It is said that Lord Worcester in the reign of Charles II. was one of the first scientists to experiment with steam engines, and about a century later James Watt improved and utilised this invention. We have all heard of the little Scotch boy who used to sit watching the steam coming from the spout of a boiling kettle, who puzzled his head over its power and who, when he grew up, worked hard in order to earn money and be able to carry out his experiments.
The first railway was opened in 1825, but before that the steam engine invented by Watt had been in use for some time in collieries. One of these early engines, which was called "Puffing Billy," can still be seen in a London museum.
The railway trains of ninety years ago, wonderful as they were considered then, were very different from those of to-day, for there were no comfortable carriages with windows and cushioned seats, and the passengers had to travel in open wagons.

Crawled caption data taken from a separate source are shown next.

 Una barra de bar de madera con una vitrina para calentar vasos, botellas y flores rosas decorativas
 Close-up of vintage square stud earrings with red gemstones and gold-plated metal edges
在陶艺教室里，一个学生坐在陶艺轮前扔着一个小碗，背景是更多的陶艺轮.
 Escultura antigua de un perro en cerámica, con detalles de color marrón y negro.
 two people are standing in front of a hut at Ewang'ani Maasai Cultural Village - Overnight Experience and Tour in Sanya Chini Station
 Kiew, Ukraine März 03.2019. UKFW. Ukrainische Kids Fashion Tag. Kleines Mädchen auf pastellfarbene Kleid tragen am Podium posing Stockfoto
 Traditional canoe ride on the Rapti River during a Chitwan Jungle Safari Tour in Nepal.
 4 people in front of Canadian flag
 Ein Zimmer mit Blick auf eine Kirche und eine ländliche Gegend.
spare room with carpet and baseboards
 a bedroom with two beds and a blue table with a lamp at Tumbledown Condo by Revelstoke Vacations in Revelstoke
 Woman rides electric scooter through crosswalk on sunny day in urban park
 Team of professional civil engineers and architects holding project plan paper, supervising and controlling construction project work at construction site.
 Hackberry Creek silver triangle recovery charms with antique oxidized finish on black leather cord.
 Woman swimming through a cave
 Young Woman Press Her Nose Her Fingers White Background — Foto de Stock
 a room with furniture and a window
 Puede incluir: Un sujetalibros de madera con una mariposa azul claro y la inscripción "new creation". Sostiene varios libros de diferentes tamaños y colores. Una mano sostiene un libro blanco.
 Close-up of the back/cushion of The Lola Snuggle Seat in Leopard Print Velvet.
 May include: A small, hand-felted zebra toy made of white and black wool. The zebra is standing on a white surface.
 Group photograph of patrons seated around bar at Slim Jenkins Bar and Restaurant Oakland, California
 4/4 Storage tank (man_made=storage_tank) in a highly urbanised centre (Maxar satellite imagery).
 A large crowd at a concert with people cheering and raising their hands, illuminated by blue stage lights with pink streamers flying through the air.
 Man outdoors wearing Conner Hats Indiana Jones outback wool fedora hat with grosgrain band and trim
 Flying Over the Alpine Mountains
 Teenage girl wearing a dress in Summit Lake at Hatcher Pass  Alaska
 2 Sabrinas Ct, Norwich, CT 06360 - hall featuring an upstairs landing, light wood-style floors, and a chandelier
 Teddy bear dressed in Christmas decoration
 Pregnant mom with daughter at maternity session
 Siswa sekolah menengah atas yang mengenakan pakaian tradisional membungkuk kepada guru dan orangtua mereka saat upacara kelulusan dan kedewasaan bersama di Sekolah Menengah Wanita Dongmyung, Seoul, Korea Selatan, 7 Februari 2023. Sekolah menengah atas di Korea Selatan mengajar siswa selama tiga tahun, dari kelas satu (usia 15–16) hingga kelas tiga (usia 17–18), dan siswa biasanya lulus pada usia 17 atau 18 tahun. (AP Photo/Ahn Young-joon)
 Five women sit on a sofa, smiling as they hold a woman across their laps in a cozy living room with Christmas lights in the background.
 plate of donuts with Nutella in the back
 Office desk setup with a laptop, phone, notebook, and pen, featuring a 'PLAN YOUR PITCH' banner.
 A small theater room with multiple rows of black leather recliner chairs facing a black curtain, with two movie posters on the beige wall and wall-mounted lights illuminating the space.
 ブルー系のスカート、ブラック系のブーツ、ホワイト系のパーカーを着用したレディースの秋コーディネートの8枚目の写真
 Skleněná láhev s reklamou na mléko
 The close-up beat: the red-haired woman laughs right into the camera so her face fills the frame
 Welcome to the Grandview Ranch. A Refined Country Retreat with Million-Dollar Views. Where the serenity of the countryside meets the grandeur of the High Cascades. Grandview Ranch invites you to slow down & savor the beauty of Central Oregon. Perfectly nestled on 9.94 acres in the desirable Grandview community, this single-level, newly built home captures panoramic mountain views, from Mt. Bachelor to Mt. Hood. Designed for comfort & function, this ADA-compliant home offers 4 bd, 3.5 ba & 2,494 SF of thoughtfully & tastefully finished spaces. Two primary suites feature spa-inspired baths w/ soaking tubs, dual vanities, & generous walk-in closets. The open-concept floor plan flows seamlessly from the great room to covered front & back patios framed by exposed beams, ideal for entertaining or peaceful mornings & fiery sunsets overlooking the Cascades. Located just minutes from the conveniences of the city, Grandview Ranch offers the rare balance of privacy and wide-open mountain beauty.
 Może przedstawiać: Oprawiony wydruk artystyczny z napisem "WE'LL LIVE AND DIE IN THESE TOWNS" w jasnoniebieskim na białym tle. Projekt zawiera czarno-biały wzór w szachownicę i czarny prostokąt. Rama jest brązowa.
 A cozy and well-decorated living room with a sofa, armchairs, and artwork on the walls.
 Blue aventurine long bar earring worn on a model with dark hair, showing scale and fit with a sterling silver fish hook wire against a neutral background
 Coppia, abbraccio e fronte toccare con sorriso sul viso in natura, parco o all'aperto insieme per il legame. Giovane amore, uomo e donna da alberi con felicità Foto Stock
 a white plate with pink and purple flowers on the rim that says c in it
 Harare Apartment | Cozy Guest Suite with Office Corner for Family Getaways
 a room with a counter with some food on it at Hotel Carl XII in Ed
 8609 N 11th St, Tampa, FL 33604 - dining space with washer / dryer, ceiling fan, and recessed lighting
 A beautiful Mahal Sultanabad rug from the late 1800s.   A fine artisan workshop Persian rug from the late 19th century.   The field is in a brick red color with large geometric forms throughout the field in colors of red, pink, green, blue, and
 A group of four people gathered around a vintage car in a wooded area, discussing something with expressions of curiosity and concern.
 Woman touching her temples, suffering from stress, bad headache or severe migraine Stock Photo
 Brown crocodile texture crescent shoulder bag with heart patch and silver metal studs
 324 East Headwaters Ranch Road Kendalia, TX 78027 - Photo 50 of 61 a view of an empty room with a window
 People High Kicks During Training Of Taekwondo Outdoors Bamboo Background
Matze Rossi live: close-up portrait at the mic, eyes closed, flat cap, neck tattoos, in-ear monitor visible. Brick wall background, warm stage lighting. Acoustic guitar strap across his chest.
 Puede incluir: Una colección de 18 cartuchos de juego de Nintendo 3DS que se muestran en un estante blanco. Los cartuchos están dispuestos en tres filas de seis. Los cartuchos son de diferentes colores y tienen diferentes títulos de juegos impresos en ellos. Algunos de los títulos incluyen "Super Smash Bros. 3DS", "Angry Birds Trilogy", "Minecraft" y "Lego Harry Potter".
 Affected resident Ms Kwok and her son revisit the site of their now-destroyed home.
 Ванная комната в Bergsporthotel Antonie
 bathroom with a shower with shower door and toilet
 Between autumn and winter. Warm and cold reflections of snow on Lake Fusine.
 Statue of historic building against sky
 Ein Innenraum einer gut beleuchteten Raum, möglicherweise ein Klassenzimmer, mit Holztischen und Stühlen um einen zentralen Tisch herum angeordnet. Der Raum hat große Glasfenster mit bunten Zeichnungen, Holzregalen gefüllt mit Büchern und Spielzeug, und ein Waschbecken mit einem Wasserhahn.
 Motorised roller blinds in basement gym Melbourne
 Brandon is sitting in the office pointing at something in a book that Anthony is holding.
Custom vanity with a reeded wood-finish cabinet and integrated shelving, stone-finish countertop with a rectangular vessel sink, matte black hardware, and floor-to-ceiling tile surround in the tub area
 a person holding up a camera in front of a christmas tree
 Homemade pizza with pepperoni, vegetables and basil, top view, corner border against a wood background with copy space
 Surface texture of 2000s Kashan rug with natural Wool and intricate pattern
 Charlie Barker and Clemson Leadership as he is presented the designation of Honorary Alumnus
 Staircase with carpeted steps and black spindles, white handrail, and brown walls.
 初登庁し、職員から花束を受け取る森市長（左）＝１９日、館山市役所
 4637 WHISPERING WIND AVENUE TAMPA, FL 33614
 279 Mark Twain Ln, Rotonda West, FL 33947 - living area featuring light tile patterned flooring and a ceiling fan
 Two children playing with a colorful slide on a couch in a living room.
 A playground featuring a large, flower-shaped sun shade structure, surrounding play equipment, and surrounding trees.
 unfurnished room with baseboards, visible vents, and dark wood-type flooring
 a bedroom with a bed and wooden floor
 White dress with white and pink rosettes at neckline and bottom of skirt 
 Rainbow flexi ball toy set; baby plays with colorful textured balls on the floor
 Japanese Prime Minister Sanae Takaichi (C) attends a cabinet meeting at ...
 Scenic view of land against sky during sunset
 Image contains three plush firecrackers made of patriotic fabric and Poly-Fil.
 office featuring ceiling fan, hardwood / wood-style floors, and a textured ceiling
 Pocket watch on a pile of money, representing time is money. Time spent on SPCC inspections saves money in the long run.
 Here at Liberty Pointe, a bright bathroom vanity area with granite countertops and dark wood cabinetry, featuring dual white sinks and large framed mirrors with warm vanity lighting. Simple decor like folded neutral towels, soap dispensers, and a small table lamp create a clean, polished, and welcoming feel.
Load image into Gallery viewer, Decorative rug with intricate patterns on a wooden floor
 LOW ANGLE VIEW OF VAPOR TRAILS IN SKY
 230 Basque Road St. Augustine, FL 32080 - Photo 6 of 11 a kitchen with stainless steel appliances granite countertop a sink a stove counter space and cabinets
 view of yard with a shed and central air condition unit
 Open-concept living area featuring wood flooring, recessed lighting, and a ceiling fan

There were no waiting rooms or platforms either, and the speed was very moderate, fifteen to twenty miles an hour being thought marvellous and even dangerous.
This is what a writer says in the year 1837:
"The length of the Liverpool railway is thirty-one miles, and the fact that passengers are regularly conveyed that distance by locomotive engines in one and a half to two hours produced an extraordinary sensation."
EARLY ENGINE.
As the years went on, railways and the trains which ran on them improved very quickly and stage coaches became hopelessly old-fashioned, but for some time a railway journey was something of an adventure and many strange plans were made in order to prevent accidents.
One of the most eccentric of these ideas was that the last carriage or van on a train should have a roof sloping backwards towards the ground and fitted with railway lines, so that if the train to which it was attached were overtaken by another, there would be no collision, for the second engine would run up the sloping roof and travel along on the top of the slower train.